Importantly, the contract stipulates that Israel is “entitled to migrate to the cloud or generate in the cloud any data they wish.” It became public that Israel was using the technology in their war in Gaza, and again a number of Google employees signed a petition and disrupted corporate meetings. Google responded by firing 50 employees. What does this say about the company that would “do no evil”? As SRI investors, should we incorporate this information into our analysis? The contract represents less than 0.4% of Google’s revenues but their product is being used in active combat.
The recent conflict between Anthropic and the Trump administration
Anthropic was formed as a “public benefit corporation” in 2021 by Dario Amodei, his sister Daniela, and a small group of programmers who left OpenAI because they felt that it had wavered from its initial goal of incorporating AI safety into development decisions.
Their focus at Anthropic has been to develop AI tools for enterprises rather than individuals, and so it’s not surprising that they found themselves in the US military’s orbit. In July of 2025, Anthropic, OpenAI, xAI and Google all signed $200 million Department of Defense contracts that allowed the military to use their most advanced models for a variety of operations.
In February, Anthropic said that they would not allow the military to use their product to conduct mass civilian surveillance or build autonomous weapons. Amodei decided to walk away from the contract; he said that those two points created a “red line” that Anthropic would not cross, and later said that “disagreeing with the Government is the most American thing in the world.”
The military (Secretary of Defense Pete Hegseth) claimed that Anthropic was in breach of contract. OpenAI moved in two hours later and picked up the contract. Sam Altman, OpenAI’s CEO, said that the Government/military committed to following the law, but of course there are no laws yet around AI. Then the US government declared Anthropic a “supply chain risk”—something that had never been applied to an American company (in the past it has been used against companies from foreign “enemy” states). This precludes Anthropic from any government contracts and also precludes any other companies that have contracts with the US government from using Anthropic products.
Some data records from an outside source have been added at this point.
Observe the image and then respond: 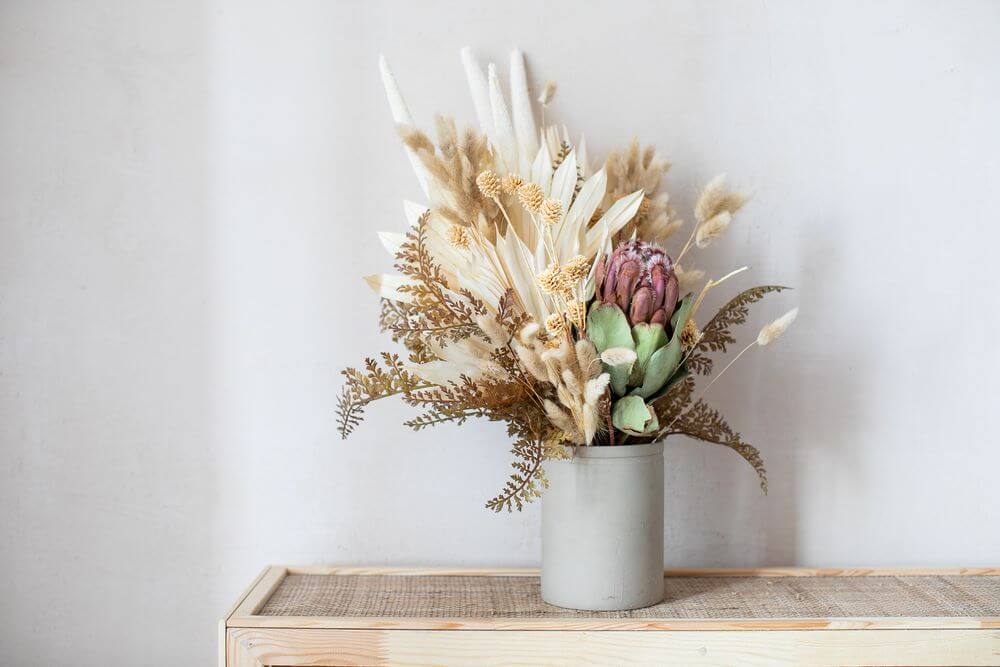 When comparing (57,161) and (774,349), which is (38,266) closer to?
(57,161)

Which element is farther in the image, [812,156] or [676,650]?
[812,156]

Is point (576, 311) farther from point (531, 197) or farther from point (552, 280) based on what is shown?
point (531, 197)

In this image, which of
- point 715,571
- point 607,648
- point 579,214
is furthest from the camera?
point 715,571

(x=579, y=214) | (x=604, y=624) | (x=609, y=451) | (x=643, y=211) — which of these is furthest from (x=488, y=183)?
(x=604, y=624)

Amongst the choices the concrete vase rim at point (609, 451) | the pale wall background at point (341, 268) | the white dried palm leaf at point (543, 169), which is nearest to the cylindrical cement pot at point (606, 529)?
the concrete vase rim at point (609, 451)

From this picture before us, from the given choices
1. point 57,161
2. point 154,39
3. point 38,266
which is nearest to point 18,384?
point 38,266

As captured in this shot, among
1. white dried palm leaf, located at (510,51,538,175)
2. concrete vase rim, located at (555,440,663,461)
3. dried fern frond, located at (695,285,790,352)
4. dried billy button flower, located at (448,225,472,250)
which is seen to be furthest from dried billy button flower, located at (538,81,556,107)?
concrete vase rim, located at (555,440,663,461)

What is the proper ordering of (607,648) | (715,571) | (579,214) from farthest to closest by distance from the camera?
(715,571) → (579,214) → (607,648)

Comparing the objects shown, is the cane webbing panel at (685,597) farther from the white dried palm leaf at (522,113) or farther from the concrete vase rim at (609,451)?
the white dried palm leaf at (522,113)

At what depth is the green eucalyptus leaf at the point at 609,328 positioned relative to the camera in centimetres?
95

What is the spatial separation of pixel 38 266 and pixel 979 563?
149 centimetres

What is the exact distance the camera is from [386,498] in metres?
1.26

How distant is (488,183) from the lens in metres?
0.99

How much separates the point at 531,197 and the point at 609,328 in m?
0.18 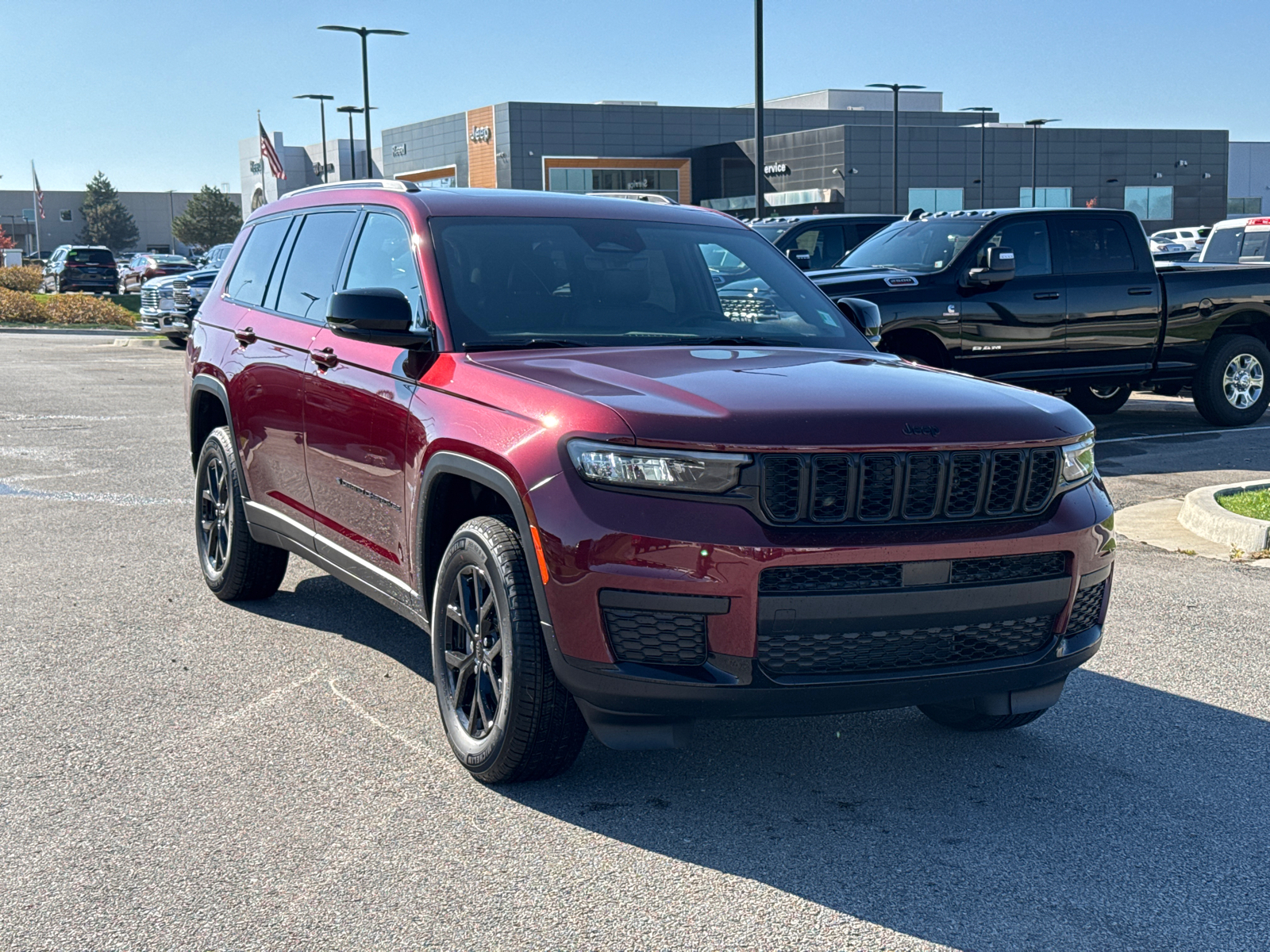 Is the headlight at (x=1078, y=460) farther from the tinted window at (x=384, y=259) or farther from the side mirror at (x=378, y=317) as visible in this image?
the tinted window at (x=384, y=259)

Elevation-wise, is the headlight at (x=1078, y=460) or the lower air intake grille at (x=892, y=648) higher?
the headlight at (x=1078, y=460)

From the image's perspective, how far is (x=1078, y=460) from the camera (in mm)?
4246

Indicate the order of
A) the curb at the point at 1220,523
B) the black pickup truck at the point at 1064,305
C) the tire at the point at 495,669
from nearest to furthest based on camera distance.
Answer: the tire at the point at 495,669 → the curb at the point at 1220,523 → the black pickup truck at the point at 1064,305

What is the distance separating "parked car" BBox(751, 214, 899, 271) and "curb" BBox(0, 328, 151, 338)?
21189mm

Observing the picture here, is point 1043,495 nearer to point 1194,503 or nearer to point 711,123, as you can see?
point 1194,503

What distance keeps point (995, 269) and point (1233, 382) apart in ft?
11.6

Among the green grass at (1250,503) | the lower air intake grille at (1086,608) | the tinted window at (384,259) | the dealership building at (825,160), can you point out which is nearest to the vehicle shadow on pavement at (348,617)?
the tinted window at (384,259)

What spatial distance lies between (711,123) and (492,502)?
81.9 m

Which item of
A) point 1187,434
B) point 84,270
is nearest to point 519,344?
point 1187,434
OpenAI’s flagship product ChatGPT
It is a remarkable development that could destroy Anthropic, a company valued at about $500 billion and by some accounts as big as OpenAI. It is also the first time that a tech CEO has stood up to the Trump administration. It has also driven customers away from OpenAI (ChatGPT) to Anthropic (Claude)—annualized revenue at Anthropic has shot from $13 billion to $19 billion since Amodei’s decision; most of that revenue has come from OpenAI, where “uninstalls” jumped 295% in the week after they picked up the contract.
In the forum of public opinion, Amodei and his company are being seen as “good,” Sam Altman and his company (owned 20% by Microsoft) as “evil.” Many customers and some employees are voting with their pocketbooks and feet. (There is also some pushback and criticism of Amodei and his “red line.”)
This conflict is interesting to SRI investors for many reasons. Is it a classic example of a company doing “the right thing” and being financially rewarded for it (a key, original tenet of SRI)? Do we incorporate CEO behaviour and moral “red lines” into our SRI analysis? Now that the military does a lot more than just fight wars, and not just with guns and ammunition, do we need to broaden our definition of “military”?
I don’t really have any answers, but perhaps SRI investors need to consider “military involvement” with more nuanced, comprehensive criteria than just percentage of revenues.